- Born: 1950 (age 75–76) Hyannis, Massachusetts, U.S.
- Occupation: Writer
- Education: New England College Stockholm University University of Massachusetts Amherst (BA)
- Genre: Non-fiction

= Douglas Whynott =

American writer (born 1950)

Douglas Whynott (born 1950) is an American writer who has written five critically acclaimed books of narrative nonfiction. The subjects of his books range from migratory commercial beekeepers and the beekeeping industry, to the bluefin tuna fishery in New England, a boatyard in Maine, a veterinary clinic in New Hampshire, and the maple syrup industry. In his early years Whynott worked as a dolphin trainer, fish curator, piano tuner, apiary inspector, track coach, and blues piano player.

==Career==
Whynott was born in Hyannis, Massachusetts, in 1950. He worked as a piano tuner while attending college and was the concert tuner at the University of Massachusetts Amherst Fine Arts Center in Amherst, Massachusetts from 1976 to 1986. His first book, Following the Bloom, was begun as a graduate student when he worked for a summer as a Massachusetts apiary inspector and met a commercial migratory beekeeper named Andy Card. His second book, Giant Bluefin, tells the story of two years in the giant bluefin tuna fishery on Cape Cod and New England, from the vantage point of harpoon boats and focusing on the economics of the fishery, the Japanese markets, and federal government stock assessments. A Unit of Water, A Unit of Time tells the story of the construction of three sailboats at a boatyard in Brooklin, Maine owned by Joel White, the son of E. B. White, and accounts for when White was creating his final masterpiece, a 76-foot racing sloop. A Country Practice is the chronicle of two years at a veterinary clinic in Walpole, New Hampshire that examines the difficulties and pleasures of working at a rural, mixed animal practice. The Sugar Season chronicles the maple syrup industry in 2012, the warmest year in history at that time and tells the story of Bruce Bascom, one of the world's most successful maple syrup producers. The Sugar Season won the Green Book Festival Award for writing about the changing environment and was selected as one of the best books of 2014 by the Boston Globe.

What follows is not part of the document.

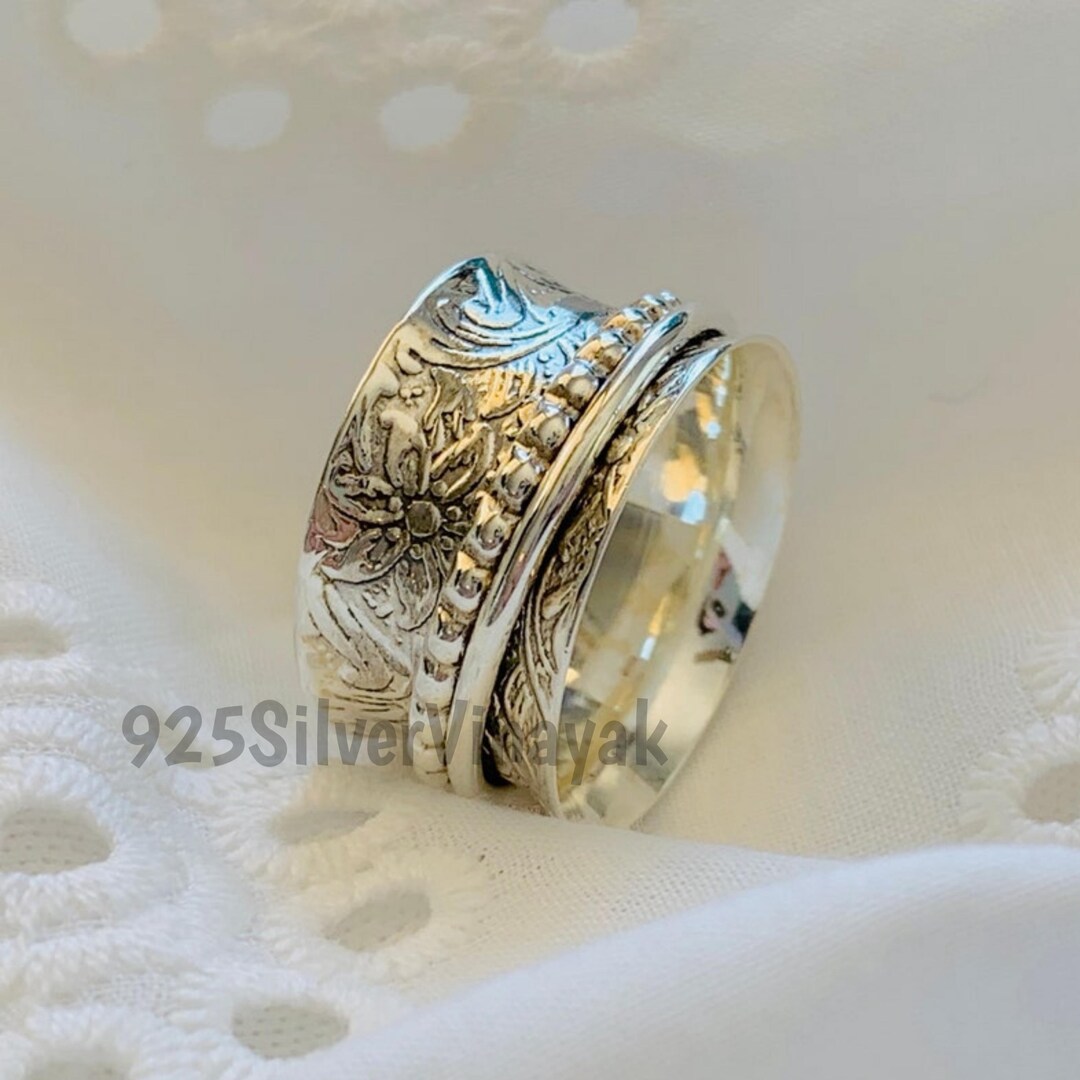 Sterling Silver Floral Spinner Ring, Wide Band Anxiety Fidget Jewelry ...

According to Norman Sims, in True Stories , a history of literary journalism, Whynott is “an acknowledged master of the literary journalism of everyday life. Whynott spends a great deal of time with people, discovers their narratives, and then structures his stories so readers can identify with the characters." Whynott has taught writing and literature at the University of Massachusetts in Amherst, Mount Holyoke College, the MFA Nonfiction Writing Program at Columbia University, and is Professor Emeritus in the Writing, Literature and Publishing Program at Emerson College.

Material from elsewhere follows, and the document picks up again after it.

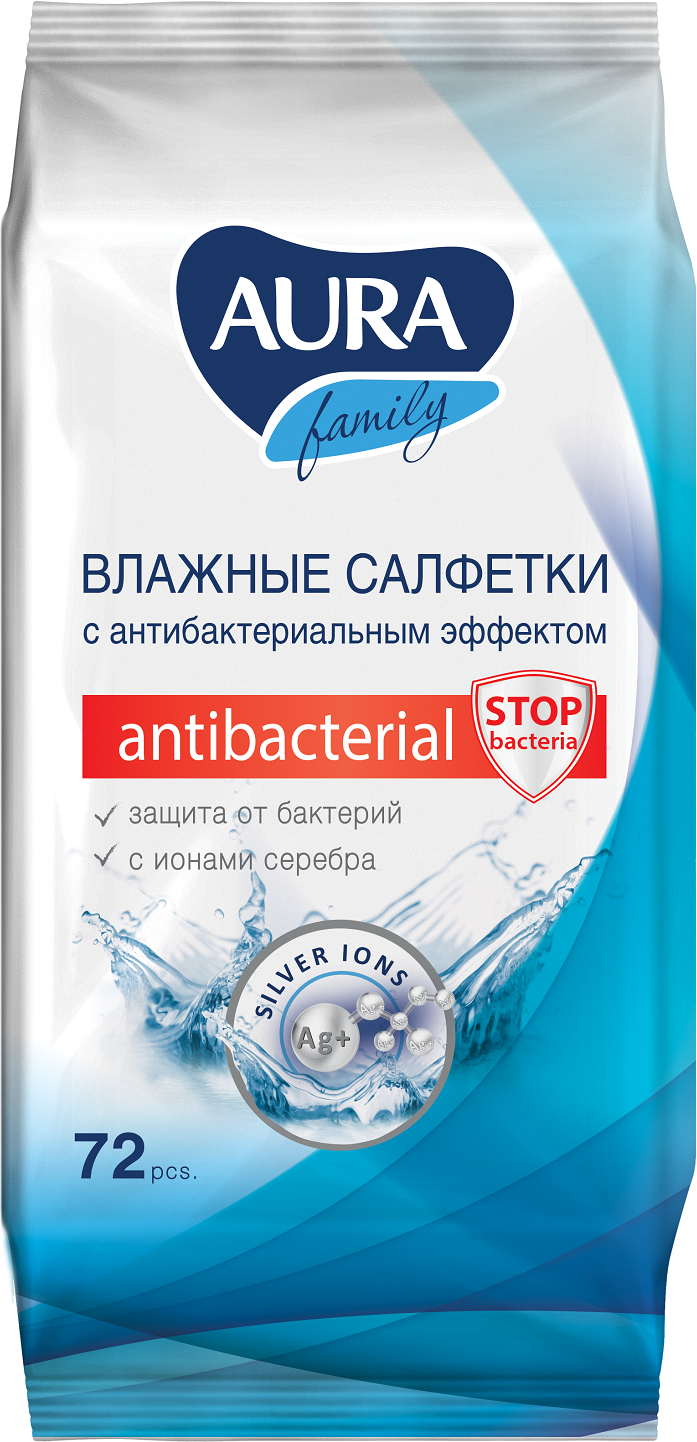 AURA Влажные салфетки с антибактериальным эффектом FAMILY 72 шт.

In 2013, Whynott was a Fulbright Scholar at Universidad Nacional de Colombia US Studies Center in Bogota, Colombia, where he taught American narrative nonfiction writing and literary journalism.

==Education==

Whynott attended Dennis-Yarmouth High School in Yarmouth, Massachusetts. He attended New England College, the Stockholm University, Sweden, and in 1977 received a BA in journalism from the University of Massachusetts, Amherst. He received a master's degree in creative writing from the MFA Program for Poets & Writers at the University of Massachusetts in Amherst in 1985.

==Books published==

Whynott is the author of:
- Following the Bloom—Across America with the Migratory Beekeepers (1991)
- Giant Bluefin (1995)
- A Unit of Water, A Unit of Time—Joel White's Last Boat (1999)
- A Country Practice—Scenes from the Veterinary Life (2004)
- The Sugar Season: A Year in the Life of Maple Syrup, and One Family's Quest for the Sweetest Harvest (2014)

==Other publications==
Whynott has written book reviews for The New York Times and Boston Globe, travel stories for Outside, Islands, and New England Monthly and articles about science and nature for Smithsonian and Discover. For the San Diego Reader he wrote about photographic archives, a study of the California Current, and the work of astronomers at Palomar Observatory. He wrote about a week aboard a cod trawler for New England Monthly, an essay about nonfiction writing structures for Writer’s Chronicle, and his experience studying piano with Sammy Price for Massachusetts Review.

==Residence==
Whynott is an eleventh generation Cape Codder, and now lives in Langdon, New Hampshire (population 688 in 2010).

==Music==
Whynott studied piano and piano tuning, and for 15 years was a professional piano tuner in western Massachusetts. He played blues and jazz piano and formed The Whynott Boogie Trio after studying with Sammy Price, a jazz pianist also known as the king of boogie-woogie, in Harlem, New York.